一人店に残され、手つかずのままだった山崎の酢の物に箸を伸ばす。
どうするか、とわかめを持ち上げて見つめた。 避けられているのかとか、女がいるのかとかショックを受けていたが、仕事が確かに絡んでいたと確認できたのだから、銀時が口も手も出す場面ではない。 多少、避けられていた感はやはりぬぐえはしないとしても。
昼は通常勤務をこなし、夜は潜入捜査の鬼の副長。 軟な男ではないことは知っているが、どれほどの休息を取れているのかと考えれば心配を通り越して呆れの文字しか浮かんではこなかった。
自分が戦場にいる時は、戦い全体としては、一人ではなかった。 戦略は桂と高杉が、物資の確保は坂本が、先鋒、切り崩しは銀時が。 なんだかんだといっての役割分担で出来ていたし、誰かの穴は必ずフォローする仲間がいた。

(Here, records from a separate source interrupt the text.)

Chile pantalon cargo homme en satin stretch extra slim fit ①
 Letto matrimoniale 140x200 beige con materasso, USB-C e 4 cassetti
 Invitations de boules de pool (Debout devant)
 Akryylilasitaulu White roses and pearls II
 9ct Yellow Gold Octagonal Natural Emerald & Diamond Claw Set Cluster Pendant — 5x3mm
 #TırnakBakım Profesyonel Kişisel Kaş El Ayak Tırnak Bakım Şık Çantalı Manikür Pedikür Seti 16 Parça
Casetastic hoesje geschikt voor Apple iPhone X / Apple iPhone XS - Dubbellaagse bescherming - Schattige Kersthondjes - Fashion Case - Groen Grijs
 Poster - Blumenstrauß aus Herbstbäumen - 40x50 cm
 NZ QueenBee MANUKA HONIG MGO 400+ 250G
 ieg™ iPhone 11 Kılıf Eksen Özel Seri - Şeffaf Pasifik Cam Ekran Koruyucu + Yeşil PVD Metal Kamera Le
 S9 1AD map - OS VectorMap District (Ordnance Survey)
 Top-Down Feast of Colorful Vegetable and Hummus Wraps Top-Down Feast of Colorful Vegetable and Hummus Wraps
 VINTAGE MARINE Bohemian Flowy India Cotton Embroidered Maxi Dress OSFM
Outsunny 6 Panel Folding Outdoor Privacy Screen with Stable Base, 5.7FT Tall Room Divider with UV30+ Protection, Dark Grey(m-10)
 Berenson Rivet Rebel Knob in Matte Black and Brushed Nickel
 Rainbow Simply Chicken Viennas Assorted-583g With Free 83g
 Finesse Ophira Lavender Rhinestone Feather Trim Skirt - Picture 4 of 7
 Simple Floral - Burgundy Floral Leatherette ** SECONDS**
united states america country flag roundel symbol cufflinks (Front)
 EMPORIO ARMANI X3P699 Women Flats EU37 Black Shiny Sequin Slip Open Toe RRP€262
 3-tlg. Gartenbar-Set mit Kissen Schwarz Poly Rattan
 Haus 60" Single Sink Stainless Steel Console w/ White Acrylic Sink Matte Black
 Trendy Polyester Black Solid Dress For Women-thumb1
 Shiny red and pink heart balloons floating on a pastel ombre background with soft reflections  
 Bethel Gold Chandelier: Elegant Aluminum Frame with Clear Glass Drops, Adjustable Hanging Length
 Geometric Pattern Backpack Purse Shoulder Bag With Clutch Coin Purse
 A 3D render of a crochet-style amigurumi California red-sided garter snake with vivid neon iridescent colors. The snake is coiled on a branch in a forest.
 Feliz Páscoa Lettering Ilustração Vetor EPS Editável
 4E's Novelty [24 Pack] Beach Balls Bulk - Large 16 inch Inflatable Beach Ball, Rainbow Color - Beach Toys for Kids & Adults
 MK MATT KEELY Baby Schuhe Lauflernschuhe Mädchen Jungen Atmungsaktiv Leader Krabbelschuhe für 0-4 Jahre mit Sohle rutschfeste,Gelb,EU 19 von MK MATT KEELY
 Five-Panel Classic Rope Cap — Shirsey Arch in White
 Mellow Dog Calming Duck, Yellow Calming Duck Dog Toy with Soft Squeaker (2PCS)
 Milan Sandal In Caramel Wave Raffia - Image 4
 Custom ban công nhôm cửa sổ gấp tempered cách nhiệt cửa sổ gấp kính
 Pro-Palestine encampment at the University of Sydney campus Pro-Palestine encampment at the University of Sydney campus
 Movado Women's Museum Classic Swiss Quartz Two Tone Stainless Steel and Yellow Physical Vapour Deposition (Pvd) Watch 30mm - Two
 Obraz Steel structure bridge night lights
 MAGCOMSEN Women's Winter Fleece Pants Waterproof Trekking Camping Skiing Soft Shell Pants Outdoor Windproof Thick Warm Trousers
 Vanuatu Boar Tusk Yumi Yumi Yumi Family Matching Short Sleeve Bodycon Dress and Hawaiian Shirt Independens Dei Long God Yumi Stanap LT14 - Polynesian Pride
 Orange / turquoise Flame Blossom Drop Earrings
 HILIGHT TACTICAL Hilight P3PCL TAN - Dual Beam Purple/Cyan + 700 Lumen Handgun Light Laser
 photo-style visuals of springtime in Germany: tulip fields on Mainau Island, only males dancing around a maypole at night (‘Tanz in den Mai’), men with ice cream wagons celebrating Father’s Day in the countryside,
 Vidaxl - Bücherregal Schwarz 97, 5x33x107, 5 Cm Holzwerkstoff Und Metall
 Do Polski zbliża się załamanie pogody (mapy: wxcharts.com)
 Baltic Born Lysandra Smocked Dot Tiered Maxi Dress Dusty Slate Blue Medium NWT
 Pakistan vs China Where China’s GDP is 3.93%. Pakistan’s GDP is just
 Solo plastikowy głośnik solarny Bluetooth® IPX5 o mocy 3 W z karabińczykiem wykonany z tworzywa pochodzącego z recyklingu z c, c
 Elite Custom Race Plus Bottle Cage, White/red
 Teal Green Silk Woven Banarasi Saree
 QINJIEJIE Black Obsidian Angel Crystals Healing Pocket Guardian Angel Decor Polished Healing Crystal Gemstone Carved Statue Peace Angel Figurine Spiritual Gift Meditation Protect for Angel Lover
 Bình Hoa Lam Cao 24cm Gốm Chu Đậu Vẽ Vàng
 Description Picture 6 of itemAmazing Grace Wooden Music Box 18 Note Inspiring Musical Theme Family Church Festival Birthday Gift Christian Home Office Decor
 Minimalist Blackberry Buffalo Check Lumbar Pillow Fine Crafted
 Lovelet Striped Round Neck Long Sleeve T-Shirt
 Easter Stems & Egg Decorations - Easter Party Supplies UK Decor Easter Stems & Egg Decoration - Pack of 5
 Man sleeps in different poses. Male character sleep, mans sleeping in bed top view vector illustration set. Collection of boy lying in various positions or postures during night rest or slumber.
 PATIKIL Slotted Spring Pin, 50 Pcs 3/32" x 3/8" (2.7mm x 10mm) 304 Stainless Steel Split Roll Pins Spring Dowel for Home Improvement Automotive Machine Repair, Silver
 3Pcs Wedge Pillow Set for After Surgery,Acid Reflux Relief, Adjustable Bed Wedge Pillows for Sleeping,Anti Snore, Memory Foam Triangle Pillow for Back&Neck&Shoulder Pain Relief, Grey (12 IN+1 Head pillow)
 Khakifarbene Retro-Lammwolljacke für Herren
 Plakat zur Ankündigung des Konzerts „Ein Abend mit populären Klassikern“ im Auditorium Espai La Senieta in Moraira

銀時の知る限り、土方のいる真選組にはまだ、使える駒が絶対的に少ない。
局長近藤勲はその人柄で人を惹きつけるが、知略には欠ける。 戦力となる筈の沖田は剣の実力はともかく、年若く一線をすべて任せるには場数が足りない。 チンピラ警察と呼ばれるように、隊士たちのそのほとんどが柄が悪く、どちらかというと体育会系のノリがある。 算術や読み書きを得意とするものも少ないだろう。 勘定方を取りまとめ、結局決裁するのは土方らしい。 また、土方自ら、手足として使えるように設立された、直属の監察もそう数は多くない。
自ら、接客をする土方。 まわされる女の腕、先ほどの客のようにあからさまな触り方をしてくる男どもの手。 更には昨日、一緒に料亭に入って行った男はなんだったのか。 好き勝手に体を触られるのか。 山崎が言っていた「セクハラ」の相手なのか。
「なんか、ムカついてきた…」
呟きを焼酎を煽ることで飲み下そうとするが、どうにもうまくはいきそうにない。
どうにもこうにも、地味な監察に煽られた感は否めない。 否めないが、今この状況で傍観に徹するというのも性に合いそうにないと大きく息を吐いた。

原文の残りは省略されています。